İNAT

3.1K 215 20
                                    

Ani karar vermek kadar saçma birşey yoktu. Düşünerek verdiğimiz kararlarda bile hata yaparken, ani karar vermek hangi salağın fikriydi?

Ege kendine salak olduğunu çok zaman söylemişti ama bu kadar içten söylediği bir zaman olmamıştı. Evden çıkmıştı, yürüyüp birkaç sokak ve yol geçerken de hala kararında kesindi. Ancak karanlık arttıkça ve kalabalık kayboldukça korkudan titremeye ve yaptığı aptallığın farkına varmaya başlamıştı.

Aklına getirmeyi çok sonra akıl ettiği sorumluluklar yolunu çevirip evine döndürmeye zorlamıştı. İlk olarak gidecek hiçbir yeri yoktu. Elinden gelen bir işi de yoktu. Öylece bir valizle yollara düşerekte adam olunmuyordu, bunu soğukta titreyerek mahallenin başında evinin kapısını gözleyerek öğrenmişti.

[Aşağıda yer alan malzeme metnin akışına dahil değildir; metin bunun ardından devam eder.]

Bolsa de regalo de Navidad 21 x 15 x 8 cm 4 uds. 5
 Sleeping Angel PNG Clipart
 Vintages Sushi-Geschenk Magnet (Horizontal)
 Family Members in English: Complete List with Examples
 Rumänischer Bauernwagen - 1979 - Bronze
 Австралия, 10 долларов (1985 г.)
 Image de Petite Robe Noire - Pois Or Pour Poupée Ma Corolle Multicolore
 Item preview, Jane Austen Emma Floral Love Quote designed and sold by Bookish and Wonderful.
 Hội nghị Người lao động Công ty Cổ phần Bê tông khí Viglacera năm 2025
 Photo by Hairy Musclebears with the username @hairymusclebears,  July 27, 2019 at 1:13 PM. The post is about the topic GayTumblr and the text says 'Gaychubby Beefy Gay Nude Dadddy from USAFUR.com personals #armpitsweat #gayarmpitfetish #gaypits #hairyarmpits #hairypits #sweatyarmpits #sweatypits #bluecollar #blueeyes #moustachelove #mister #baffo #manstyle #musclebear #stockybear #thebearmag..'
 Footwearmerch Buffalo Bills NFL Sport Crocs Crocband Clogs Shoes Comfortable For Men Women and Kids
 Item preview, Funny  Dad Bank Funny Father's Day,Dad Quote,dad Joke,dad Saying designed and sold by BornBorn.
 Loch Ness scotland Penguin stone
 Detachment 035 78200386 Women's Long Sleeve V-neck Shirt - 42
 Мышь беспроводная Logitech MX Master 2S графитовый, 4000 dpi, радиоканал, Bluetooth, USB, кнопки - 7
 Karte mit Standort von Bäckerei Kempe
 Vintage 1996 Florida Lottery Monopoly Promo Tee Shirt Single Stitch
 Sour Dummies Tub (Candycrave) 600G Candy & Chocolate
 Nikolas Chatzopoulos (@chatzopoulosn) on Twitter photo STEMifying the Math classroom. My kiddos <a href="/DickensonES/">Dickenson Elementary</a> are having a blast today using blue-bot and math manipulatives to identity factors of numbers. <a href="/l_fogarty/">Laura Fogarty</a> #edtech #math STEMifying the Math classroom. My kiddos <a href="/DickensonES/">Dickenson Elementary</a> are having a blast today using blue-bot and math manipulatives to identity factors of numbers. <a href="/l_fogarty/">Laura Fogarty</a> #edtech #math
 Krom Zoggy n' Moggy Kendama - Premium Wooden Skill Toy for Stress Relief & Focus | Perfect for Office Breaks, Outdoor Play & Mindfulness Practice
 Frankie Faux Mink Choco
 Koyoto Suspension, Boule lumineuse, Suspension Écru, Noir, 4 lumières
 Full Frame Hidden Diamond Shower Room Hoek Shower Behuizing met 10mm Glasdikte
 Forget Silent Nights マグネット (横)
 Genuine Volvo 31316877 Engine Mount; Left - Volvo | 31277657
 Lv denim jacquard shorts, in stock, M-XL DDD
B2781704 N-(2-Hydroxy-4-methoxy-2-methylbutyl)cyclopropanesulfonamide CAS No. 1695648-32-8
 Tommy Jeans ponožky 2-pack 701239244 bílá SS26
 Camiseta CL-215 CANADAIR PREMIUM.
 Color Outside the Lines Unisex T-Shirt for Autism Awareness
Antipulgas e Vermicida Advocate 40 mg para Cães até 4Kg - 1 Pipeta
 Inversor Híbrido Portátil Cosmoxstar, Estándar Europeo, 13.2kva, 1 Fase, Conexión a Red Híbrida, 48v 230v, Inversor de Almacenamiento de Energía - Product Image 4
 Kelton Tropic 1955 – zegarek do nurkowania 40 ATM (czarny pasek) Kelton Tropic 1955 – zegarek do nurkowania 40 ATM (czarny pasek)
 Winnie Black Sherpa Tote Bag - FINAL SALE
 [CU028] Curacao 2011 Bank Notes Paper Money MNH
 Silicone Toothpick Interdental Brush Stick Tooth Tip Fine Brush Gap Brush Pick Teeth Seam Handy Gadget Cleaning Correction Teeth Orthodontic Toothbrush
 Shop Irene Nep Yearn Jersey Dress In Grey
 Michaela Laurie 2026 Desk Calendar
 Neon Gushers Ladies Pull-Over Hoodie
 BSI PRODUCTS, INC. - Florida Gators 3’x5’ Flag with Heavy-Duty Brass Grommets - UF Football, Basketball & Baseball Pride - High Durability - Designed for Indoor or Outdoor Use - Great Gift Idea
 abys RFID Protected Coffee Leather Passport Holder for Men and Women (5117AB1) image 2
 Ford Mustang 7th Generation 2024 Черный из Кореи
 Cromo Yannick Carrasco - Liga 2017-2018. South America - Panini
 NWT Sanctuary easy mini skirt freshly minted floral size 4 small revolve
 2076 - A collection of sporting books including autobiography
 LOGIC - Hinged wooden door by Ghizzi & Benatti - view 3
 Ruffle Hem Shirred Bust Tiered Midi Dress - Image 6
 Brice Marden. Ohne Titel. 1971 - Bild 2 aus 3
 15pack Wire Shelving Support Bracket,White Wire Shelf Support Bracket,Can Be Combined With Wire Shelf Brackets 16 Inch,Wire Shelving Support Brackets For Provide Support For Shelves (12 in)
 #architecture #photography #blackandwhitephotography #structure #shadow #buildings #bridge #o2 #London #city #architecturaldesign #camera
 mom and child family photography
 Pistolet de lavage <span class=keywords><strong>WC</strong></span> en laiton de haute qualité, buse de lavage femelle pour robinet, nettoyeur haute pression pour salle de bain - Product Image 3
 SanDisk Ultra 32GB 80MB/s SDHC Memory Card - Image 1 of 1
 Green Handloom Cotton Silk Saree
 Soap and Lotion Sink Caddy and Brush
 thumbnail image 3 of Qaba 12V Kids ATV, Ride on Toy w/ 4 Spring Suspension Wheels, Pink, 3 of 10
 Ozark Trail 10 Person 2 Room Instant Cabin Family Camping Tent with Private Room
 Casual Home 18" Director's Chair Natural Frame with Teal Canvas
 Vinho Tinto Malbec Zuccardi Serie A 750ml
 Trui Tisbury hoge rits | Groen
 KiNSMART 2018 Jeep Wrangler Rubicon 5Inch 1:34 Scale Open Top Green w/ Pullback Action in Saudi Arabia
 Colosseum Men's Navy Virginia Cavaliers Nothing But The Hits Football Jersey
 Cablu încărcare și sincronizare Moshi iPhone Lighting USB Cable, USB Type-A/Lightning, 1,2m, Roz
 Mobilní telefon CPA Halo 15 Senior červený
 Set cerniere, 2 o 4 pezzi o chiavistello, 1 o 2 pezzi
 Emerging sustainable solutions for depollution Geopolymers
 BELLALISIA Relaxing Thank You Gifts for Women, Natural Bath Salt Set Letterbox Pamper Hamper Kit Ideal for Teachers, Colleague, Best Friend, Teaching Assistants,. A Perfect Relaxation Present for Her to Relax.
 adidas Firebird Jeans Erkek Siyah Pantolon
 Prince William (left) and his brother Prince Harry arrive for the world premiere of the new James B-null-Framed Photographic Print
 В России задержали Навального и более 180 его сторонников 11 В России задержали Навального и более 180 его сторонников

Annesi ve babası evden ayrılırken sakince onları izledi. Yüzlerinde mutlu bir gülümseme vardı. Ege bu insanlardan tek bir sözle ne kadar uzaklaştığını fark etti. Aynı evde yaşayıp birbirlerine bu kadar yabancı olmaları çok garipti. Ege onların bu sorgusuz sualsiz nefretini hiç anlamamıştı. Oysa birbirlerine çok aşıklardı, yedikleri içtikleri asla ayrı gitmezdi. Bir gün bile kavga ettiklerini görmemişti, ama Ege'yi hiç sevmemişlerdi. Ege her zaman fazlaydı onlara, küçükken evde unuttukları bile olurdu. Şimdi bu kadar kin gütmeleri garipti işte, o kadar önemsemiyorlardı çünkü.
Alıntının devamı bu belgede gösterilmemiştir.